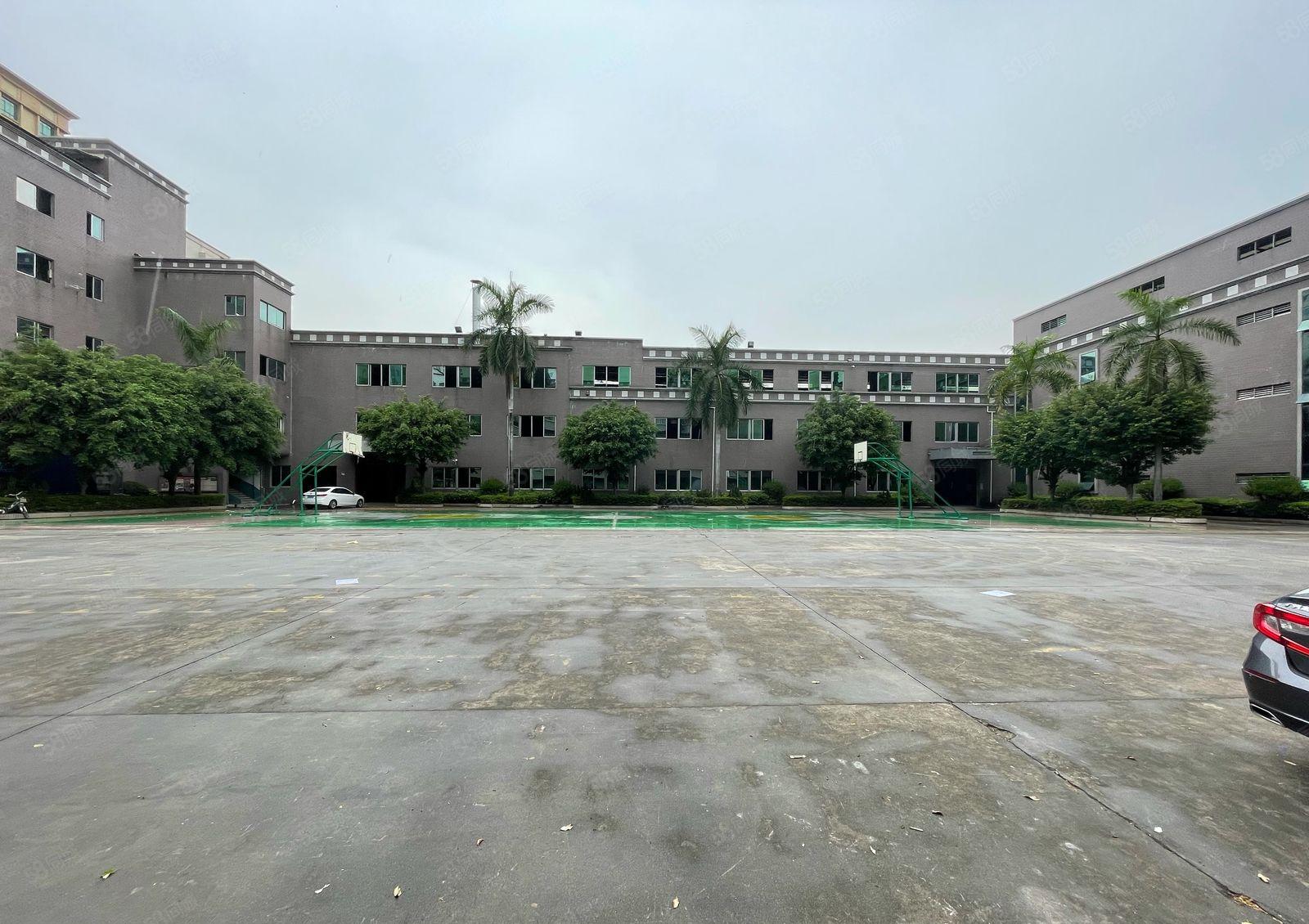 厚街花园式厂房一楼6500平方，现成环评，适合各种行业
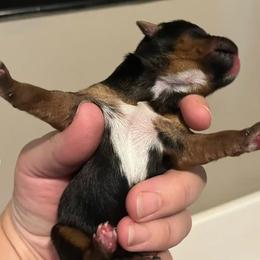 Murphy Lee - Black and tan male Yorkshire Terrier puppy in Beavercreek, Ohio from The Yorkie Den, LLC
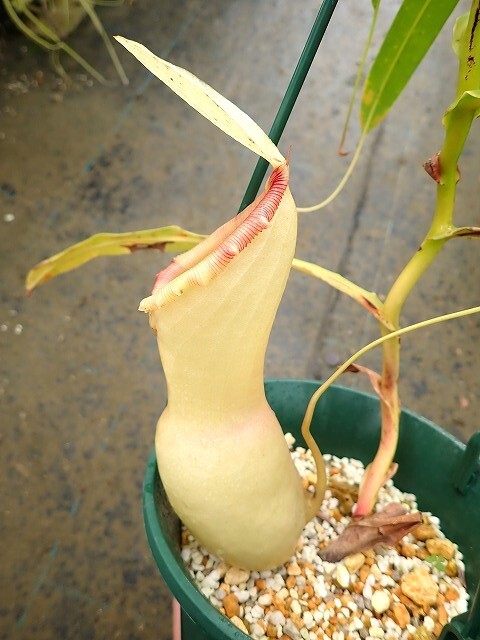 観葉植物 ウツボカズラ ネペンテス ベントリコーサ 挿し木 在来系 3 食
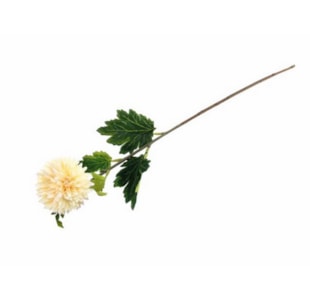 HASTE CRISANTEMO PER 58cm 04.0006527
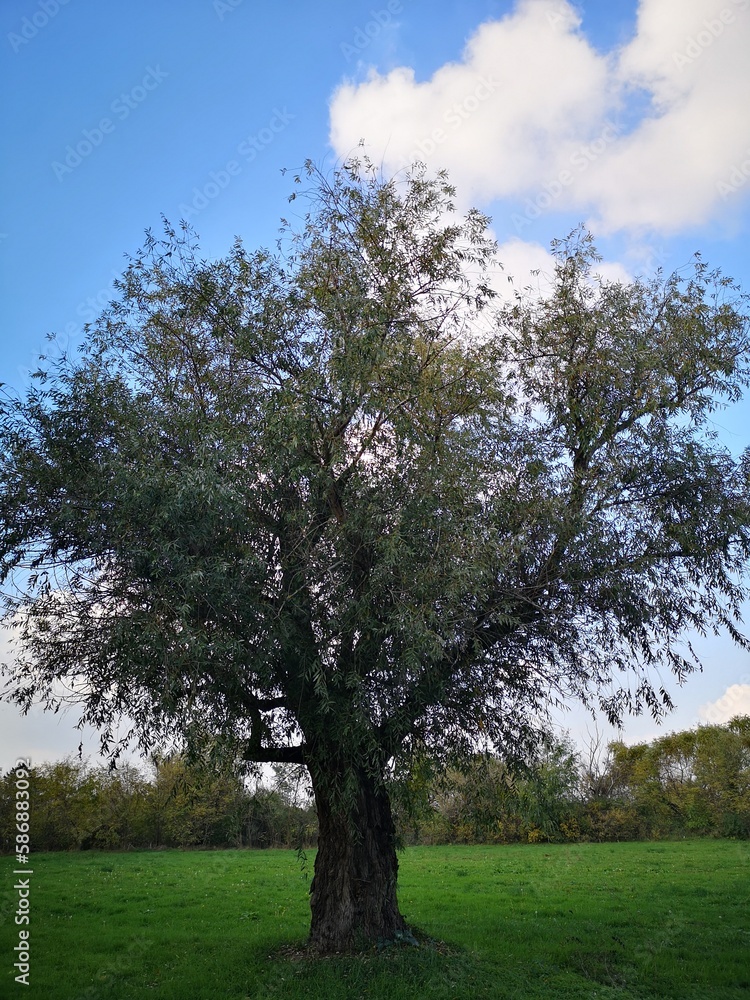 Obraz premium tree in the park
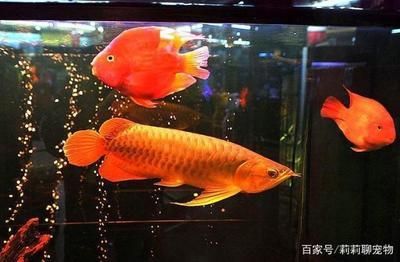 龍魚打架怎么辦？：如何解決龍魚打架的問題？
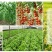 种植菌种em益生菌果树堆肥专用发酵剂叶面喷洒防病调理土壤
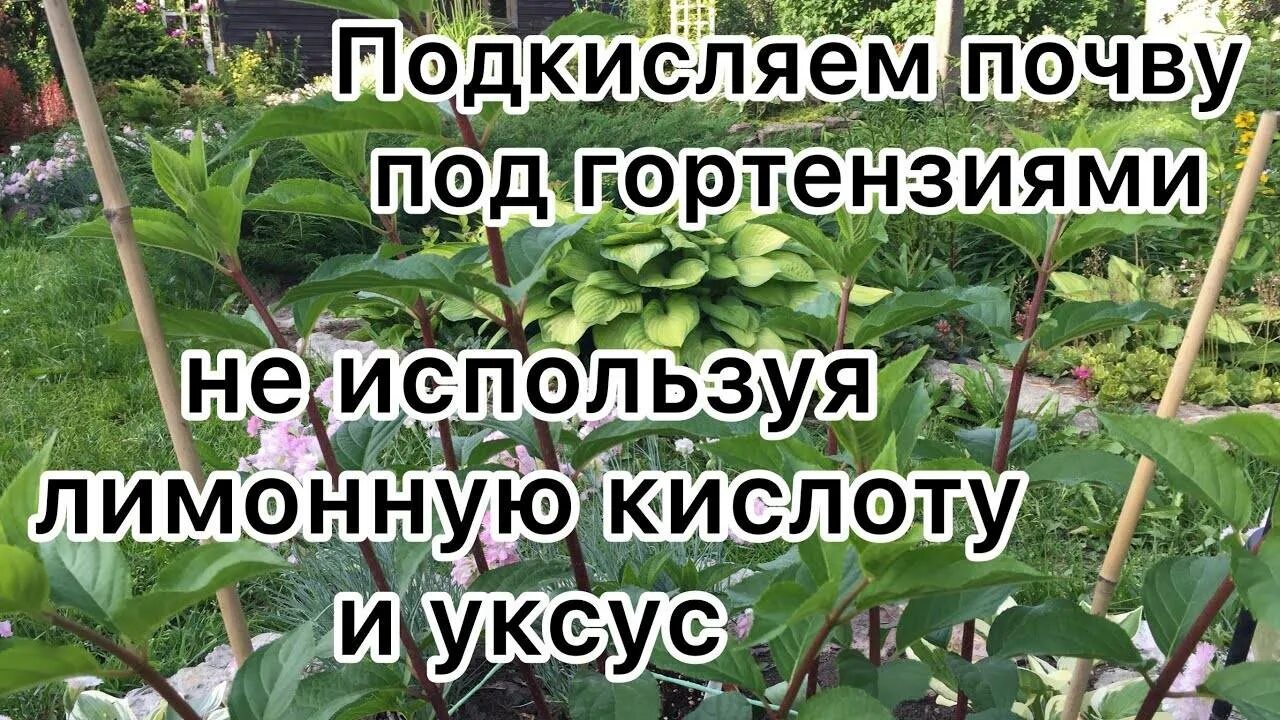 Как закислить почву для гортензии. Подкислить почву для гортензий. Подкисление гортензии лимонная кислота. Подкислить гортензию лимонной кислотой. Удобрение для подкисления почвы для гортензии.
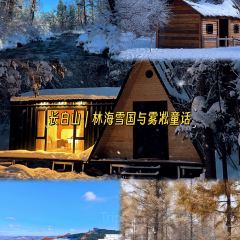 老炳·七叢松甘草水果張用戶圖片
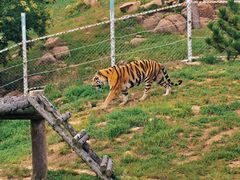 -西霞口神雕山野生动物世界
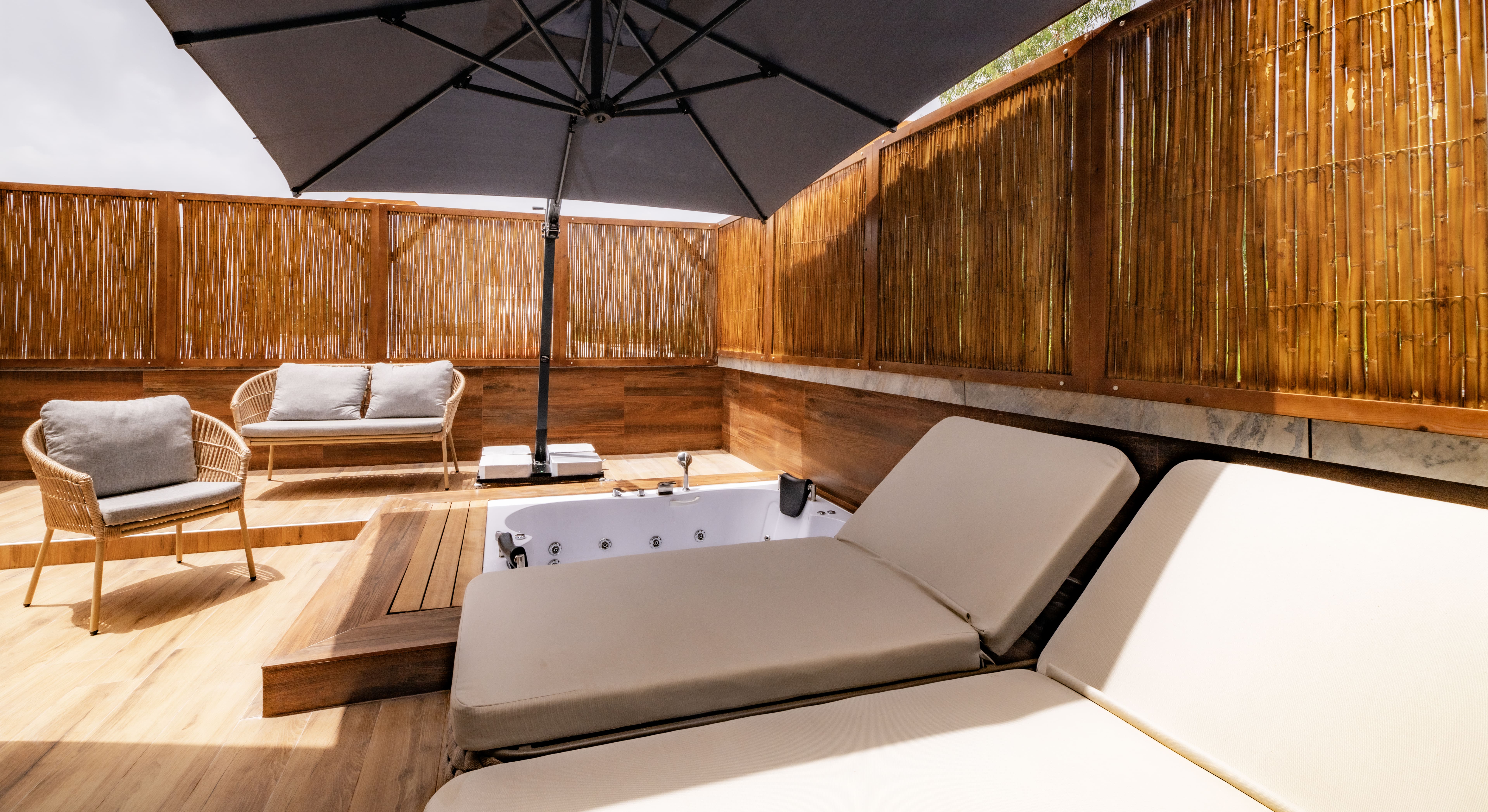 Suite One Bedroom with Terrace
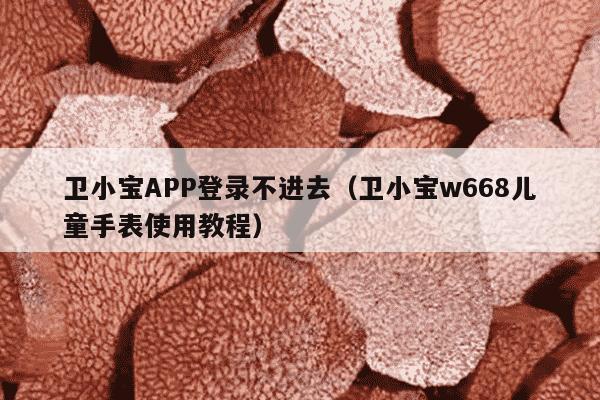 卫小宝APP登录不进去（卫小宝w668儿童手表使用教程）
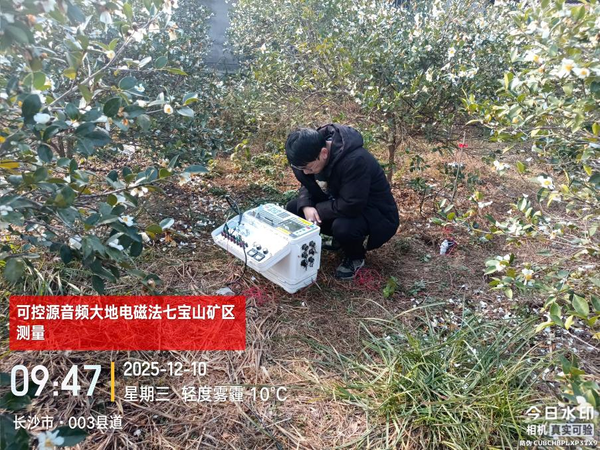 省地质院郭友军、王磊入选2025湖南省“芙蓉计划”青年人才项目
--------------------
All that belongs in the answer is the lines from the line with "Как закислить почву" through the closing line of the entries, inclusive, transcribed exactly and free of pictures.

- [Task output]
 Как закислить почву для гортензии. Подкислить почву для гортензий. Подкисление гортензии лимонная кислота. Подкислить гортензию лимонной кислотой. Удобрение для подкисления почвы для гортензии.
 老炳·七叢松甘草水果張用戶圖片
 -西霞口神雕山野生动物世界
 Suite One Bedroom with Terrace
 卫小宝APP登录不进去（卫小宝w668儿童手表使用教程）
 省地质院郭友军、王磊入选2025湖南省“芙蓉计划”青年人才项目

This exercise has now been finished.